In truth, the most moving connection that Calvin makes is with Rachel (Michelle Mosalakae), a light-skinned woman who he meets standing in the whites-only line. The two bump heads initially with his anger at Rachel’s attempt to pass as white. Talking with each other, Rachel is given a complex backstory that explains her choice, and, in a dramatic moment where she’s confronted with the racist violence, she decides to remove her wig and reveal her braided natural hair.
But that’s really where the moving elements of the film stop. For the most part, Mbali and Aldo are one-dimensional characters. Capable and strong, the two are fine additions to the cast, but ultimately the time to explore characters in Silverton Siege is given to Calvin, the white characters in the bank, and Detective Langerman.

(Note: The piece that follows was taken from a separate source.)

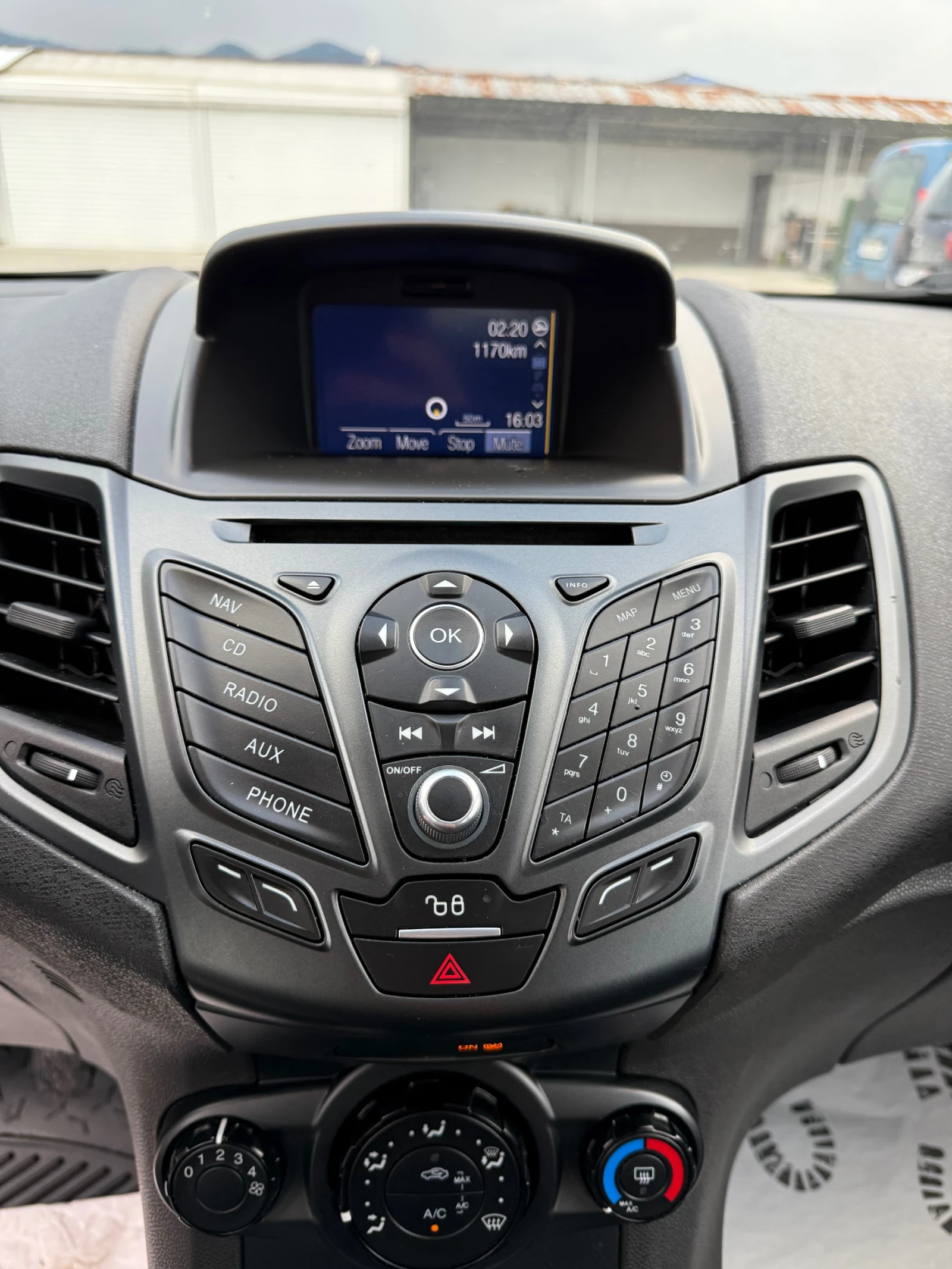 Ford Fiesta 1.6d/95hp/NAVI/EVRO6 - изображение 8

While the impact the events that inspired Silverton Siege had are important to highlight, I have to question who the audience for the film is and what will they get out of it. Additionally, going into the film without prior information, I wasn’t aware of the true events until the film’s credits, which features pictures of the trio involved in real life with some context on the event and what it sparked. But that weight isn’t felt throughout the film. Instead, pain and violence is on display first and foremost without a clear vision of the impact the event and those involved had. If your film’s credits do more work to showcase historical impact than the film itself, well, it’s a bit of a miss.
Don’t get me wrong, Silverton Siege is a fine film, if you’re okay with sitting through apartheid violence and a bleak ending involving the Black cast. But if you’re not, this is one to skip and instead brush up on the history of Mandela’s Umkhonto weSizwe to fight arpartheid and the fight to free him as well.
Silverton Siege is streaming exclusively on Netflix April 28, 2022.
- Rating - 7/107/10
Don’t get me wrong, Silverton Siege is a fine film if you’re okay with sitting through apartheid violence and a bleak ending involving the Black cast. But if you’re not, this is one to skip and instead brush up on the history of Mandela’s Umkhonto weSizwe to fight arpartheid and the fight to free him as well.